For the past two decades, the MoD has sourced these materials from abroad.
Healey will say at least 1,000 new jobs will be created as the UK scales up munitions production.
The government wants at least six new factories to be operational by the next election in 2029, and hopes work will begin on the first of these next year.
The MoD is scoping out 13 sites where it believes the new factories could be built and has named the areas of the UK where they are located.
There are three potential sites in Scotland – in Dumfriesshire, Ayrshire and at Grangemouth, in Stirlingshire.
In England, a total of eight sites have been earmarked – in Teesside, Cumbria, Shropshire, Cheshire, Derbyshire, Essex, Worcestershire and Hampshire – and there are two in Wales – in Monmouthshire and Milford Haven, in Pembrokeshire.
Healey will also announce the opening of two new drone factories this week in Plymouth and Swindon.
“We are making defence an engine for growth, unambiguously backing British jobs and British skills as we make the UK better ready to fight and better able to deter future conflicts,” the defence secretary will say.
“This is the path that delivers national and economic security.”
The government announced earlier this year that UK defence spending would rise to 3% of GDP by 2034 at the latest.
But the defence committee has warned that the UK and its European Nato allies remain too reliant on the US and are not spending enough on their own defences.

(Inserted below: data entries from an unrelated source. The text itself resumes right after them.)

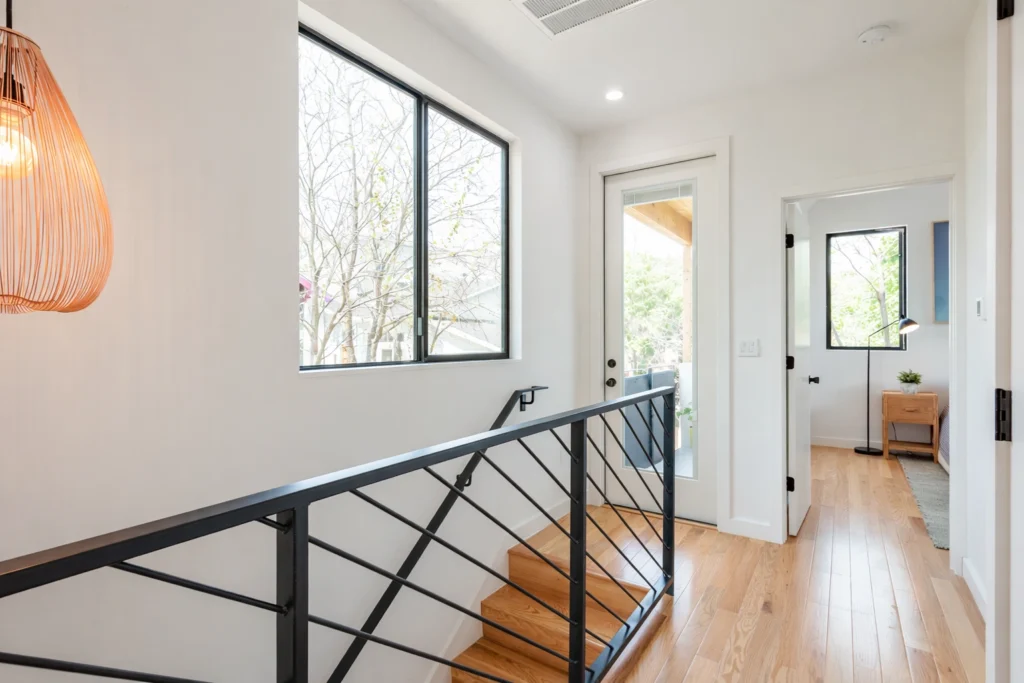 Modern staircase with black metal railing and natural wood flooring
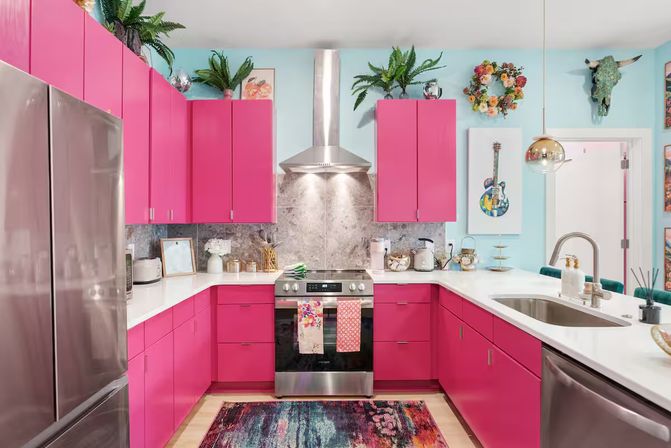 Cheerful modern kitchen with hot-pink cabinets, stainless steel appliances, marble backsplash and white countertops, turquoise walls, potted plants and a colorful area rug.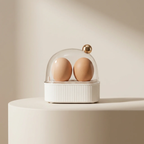 Two eggs in a glass dome on a beige background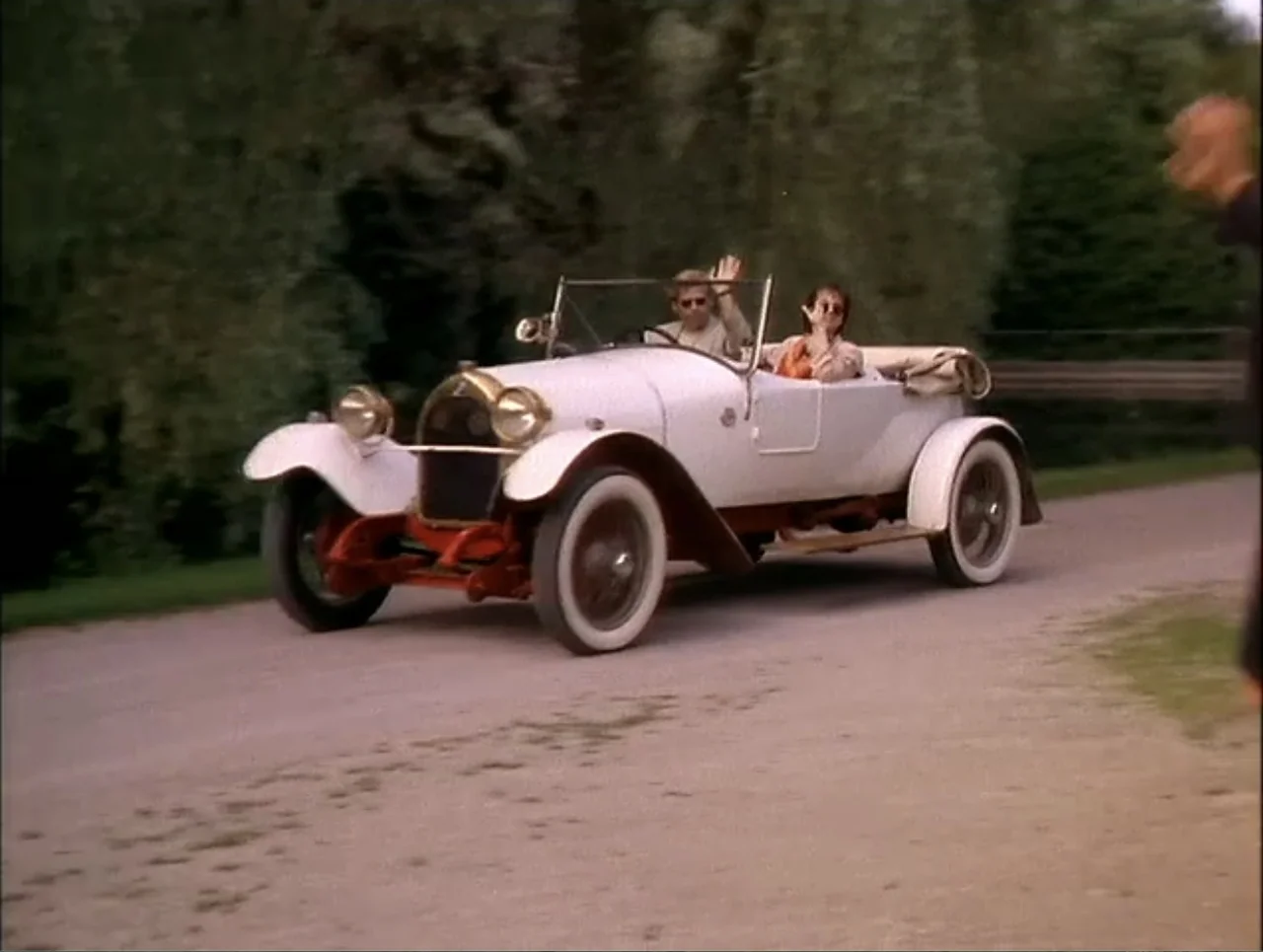 At the Midnight Hour (1995) movie still: fullbody — A cream-colored vintage convertible travels down a narrow, unpaved rural road lined with trees.…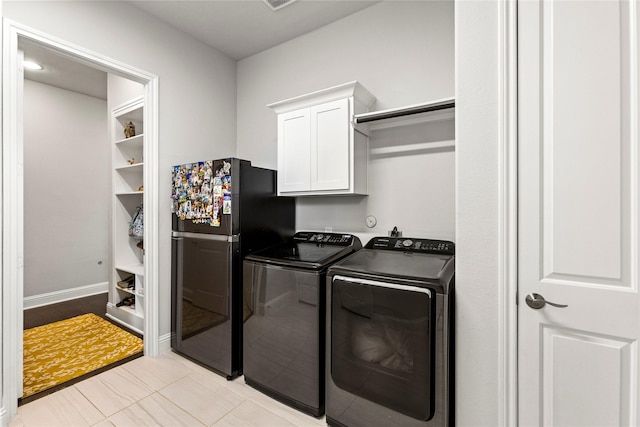 13819 Windward Harbor Ct, Houston, TX 77059 - washroom featuring cabinet space, separate washer and dryer, and light tile patterned floors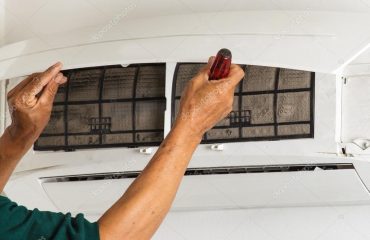 depositphotos_54517887-stock-photo-man-repair-air-conditioner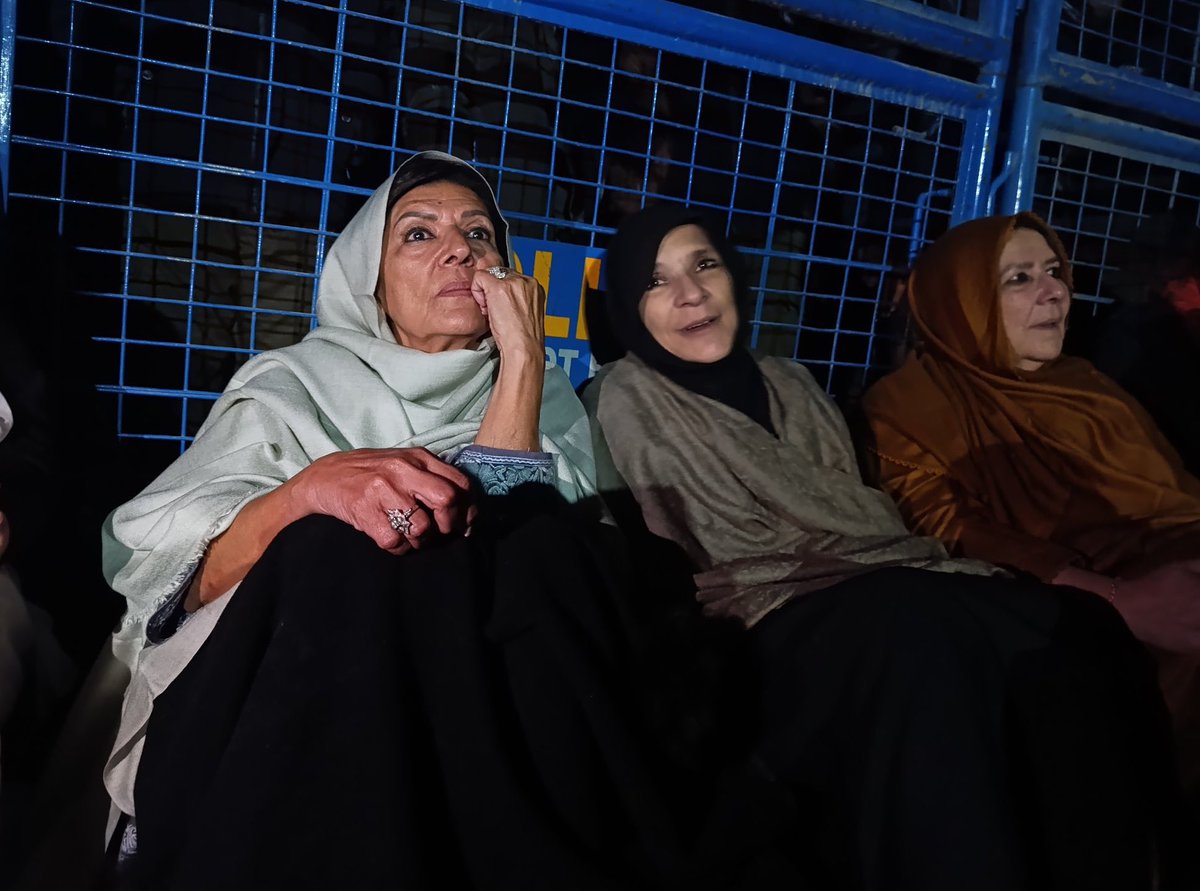 Imran Khan’s sisters are sitting on the road late at night, still waiting to meet their brother.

“We are therefore calling on the government to assess where the UK can replace US capabilities in the event of them being withdrawn,” Dhesi said.

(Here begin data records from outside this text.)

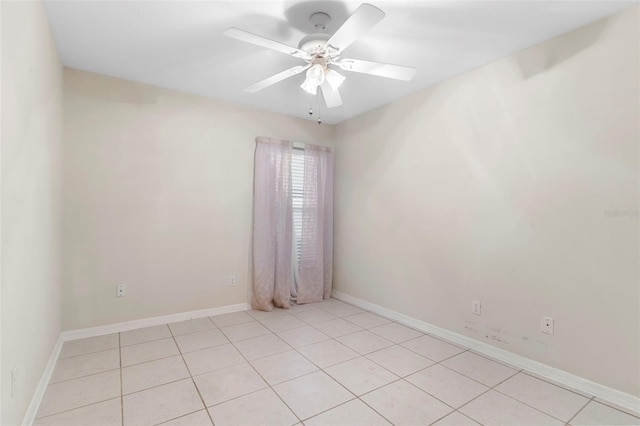 empty room with ceiling fan and light tile patterned flooring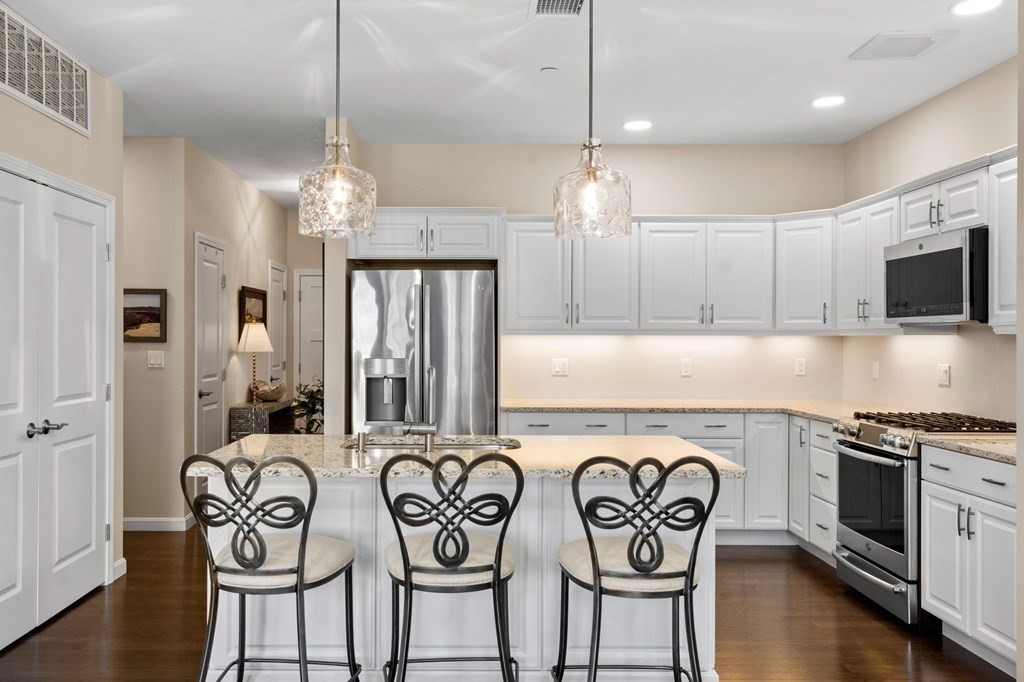 1 Revolution Way, Unit 201 Canton, MA 02021 - Photo 6 of 38 a kitchen with stainless steel appliances granite countertop a stove a sink a dining table and chairs with wooden floor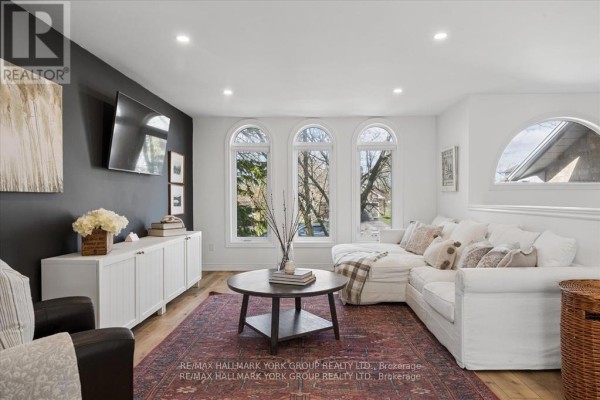 Living room with dark grey accent wall, white sectional sofa, leather chair, and hardwood floors. - 195 King Street, East Gwillimbury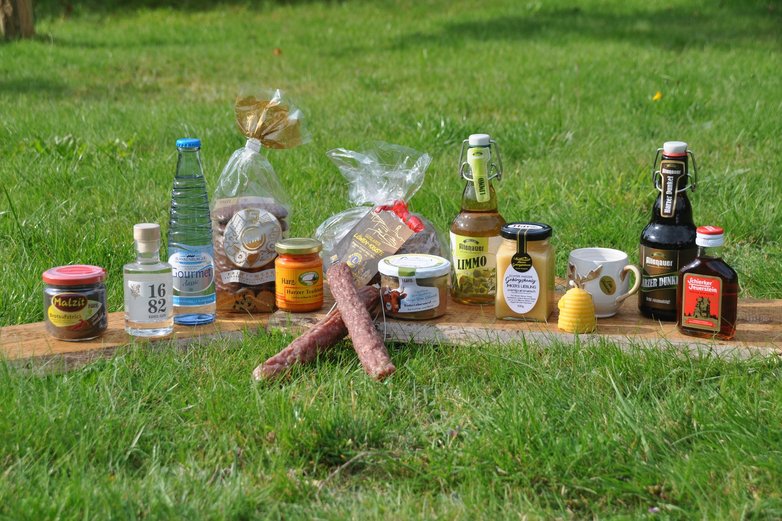 Verschiedene Harzer Produkte, etwa Honig und Bier, stehen auf einem Brett auf einer grünen Wiese.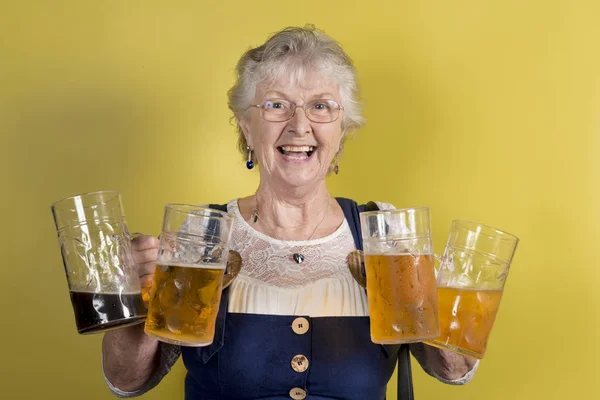 Gelukkig oude dame houdt van vier grote Crystal mokken met bier — Stockfoto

“Accelerating the speed of industrial change is essential, and readiness must be at the top of this government’s agenda.”
He said the committee had “repeatedly heard concerns about the UK’s ability to defend itself from attack”.
It is calling on the government to urgently strengthen the UK’s conventional and nuclear capabilities and improve joint working with Nato allies.
It is particularly critical of what it calls the “glacial pace” of promised improvements to civil defence and resilience, saying the UK may be failing to meet its Nato Article 3 obligations to “maintain and develop individual and collective capacity to resist armed attack”.
Dhesi says the government also needs to deliver on its promise to better communicate with the public about “the level of threat we face and what to expect in the event of conflict”.
“Wars aren’t won just by generals, but by the whole of the population getting behind the Armed Forces and playing our part,” he added.